Furthermore, essential oils subsp. microphyllum (Willd.) Nyman from Sardinia were mostly dominated by neryl acetate (26–35.6%) and nerol (9.1–14.4%) [83][84][85], while neryl propionate (up to 11.4%), γ-curcumene (up to 18.2%), and eudesm-5-en-11-ol (up to 23.5%) were also present in significant amounts. Melito et al. [86] examined 146 Helichrysum Italicum subsp. microphyllum genotypes from the seaside (0–60 m above the sea level) and mountains (600–1250 m above the sea level) in Sardinia to prove the influence of altitude and climate on the Helichrysum italicum essential oil composition. The results showed that there is a correlation between the habitat type and the secondary metabolite production based on significantly (p < 0.0001) different essential oil compositions between both habitats. Considering the importance of climatic factors on the chemical composition of the essential oil, the quantity of nerolidol was correlated with the mean winter temperature, while italicene, bergamotene, nerol, and curcumene were positively correlated with spring and summer percipitation. Similarly, two studied genotypes of Helichrysum italicum subsp. microphyllum from Corsica were rich in neryl acetate (up to 55.7%), and also contained appreciable amounts of neryl propionate (up to 12.7%) [6]. On the other hand, Helichrysum italicum subsp. microphyllum essential oil from Crete contained mainly sesquiterpenes β-selinene (up to 17.2%) and γ-curcumene (up to 13.7%) followed by α-selinene (up to 5.39%) [87].

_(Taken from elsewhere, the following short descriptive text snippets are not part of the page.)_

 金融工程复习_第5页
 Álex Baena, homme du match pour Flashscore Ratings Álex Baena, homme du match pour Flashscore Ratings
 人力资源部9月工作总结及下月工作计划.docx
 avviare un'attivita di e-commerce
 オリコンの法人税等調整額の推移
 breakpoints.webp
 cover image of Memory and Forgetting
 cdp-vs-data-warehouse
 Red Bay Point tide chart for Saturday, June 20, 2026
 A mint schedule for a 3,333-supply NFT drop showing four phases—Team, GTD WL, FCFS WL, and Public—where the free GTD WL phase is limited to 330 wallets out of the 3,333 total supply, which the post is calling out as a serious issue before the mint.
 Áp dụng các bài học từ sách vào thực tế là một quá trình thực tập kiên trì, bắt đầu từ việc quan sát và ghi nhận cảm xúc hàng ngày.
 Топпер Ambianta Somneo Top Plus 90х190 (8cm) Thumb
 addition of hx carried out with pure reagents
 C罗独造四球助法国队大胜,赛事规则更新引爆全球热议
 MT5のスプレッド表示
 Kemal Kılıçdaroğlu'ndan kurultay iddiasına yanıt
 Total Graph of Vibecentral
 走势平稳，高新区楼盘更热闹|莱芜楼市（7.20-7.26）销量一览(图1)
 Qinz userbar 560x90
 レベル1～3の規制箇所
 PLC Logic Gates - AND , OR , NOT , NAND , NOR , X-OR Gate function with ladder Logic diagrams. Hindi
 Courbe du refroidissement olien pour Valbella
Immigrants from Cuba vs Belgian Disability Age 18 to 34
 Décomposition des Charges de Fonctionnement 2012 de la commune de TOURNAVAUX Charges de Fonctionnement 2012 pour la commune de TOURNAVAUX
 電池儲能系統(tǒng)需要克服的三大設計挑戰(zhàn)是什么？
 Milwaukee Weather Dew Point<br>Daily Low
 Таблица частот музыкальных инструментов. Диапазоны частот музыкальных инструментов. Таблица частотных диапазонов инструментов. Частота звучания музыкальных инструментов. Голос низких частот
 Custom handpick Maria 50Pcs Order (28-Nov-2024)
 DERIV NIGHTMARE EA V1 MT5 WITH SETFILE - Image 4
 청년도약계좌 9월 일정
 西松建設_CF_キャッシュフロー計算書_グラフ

It must be noted that many authors did not specify the subspecies of Helichrysum italicum from which the studied essential oils were obtained. For example, Croatian oil samples (subsp. not specified) were dominated by neryl acetate as a major compound (11.5%) [88], while a surprisingly lower content of neryl acetate (up to 9.02%) was present in Helichrysum italicum essential oils from the Croatian Adriatic coast (subsp. not specified), where α-pinene (up to 29.9%), and α-curcumene (up to 28.64%) were determined as major compounds [89]. In a recent study, Oliva et al. [90] analyzed the composition of Helichrysum Italicum essential oil (subsp. not specified) from Montenegro. According to the results, essential oil from the liquid phase possessed high amounts of sesquiterpenes β-eudesmene (21.65%), and β-bisabolene (19.90%), as well as monoterpenes α-pinene (16.90%) and neryl acetate (10.66%). On the other hand, the vapor phase was enriched with monoterpene hydrocarbons fraction with α-pinene (78.76%) as the major compound.
It can be concluded that Helichrysum italicum essential oils exhibit various compositions depending on the geographical location where the plant grows, the sub-species, acidity, and type of soil, as well as the developmental stage of the plant. Due to different chemical compositions, essential oils from various sub-species and geographical locations may possess distinct biological effects. Hladnik et al. [91] revealed the complete chloroplast genome of Helichrysum italicum subsp. italicum sampled in the North Adriatic Region. The chloroplast genome contained 131 genes (85 protein-coding genes, 36 transfer RNA genes, 8 ribosomal RNA genes, and 2 partial genes) and its length was 152,431 bp. According to the authors, these findings could be used for the development of reliable molecular markers for future genetic studies of Helichrysum italicum. There are numerous research articles on Helichrysum italicum biochemical diversity, however, only a few are related to its genetic diversity and the relationship between genotypes and chemotypes [92].

3.1.1. Monoterpenes

Based on the number of isoprene subunits, the most important terpenes from Helichrysum italicum essential oils belong to monoterpenes (C10) and sesquiterpenes (C15). Monoterpenes and sesquiterpenes from Helichrysum italicum essential oils also contain different functional groups and can be predominantly classified as alcohols (e.g., nerol, eudesm-5-en-11-ol) and esters (e.g., neryl acetate, neryl propionate).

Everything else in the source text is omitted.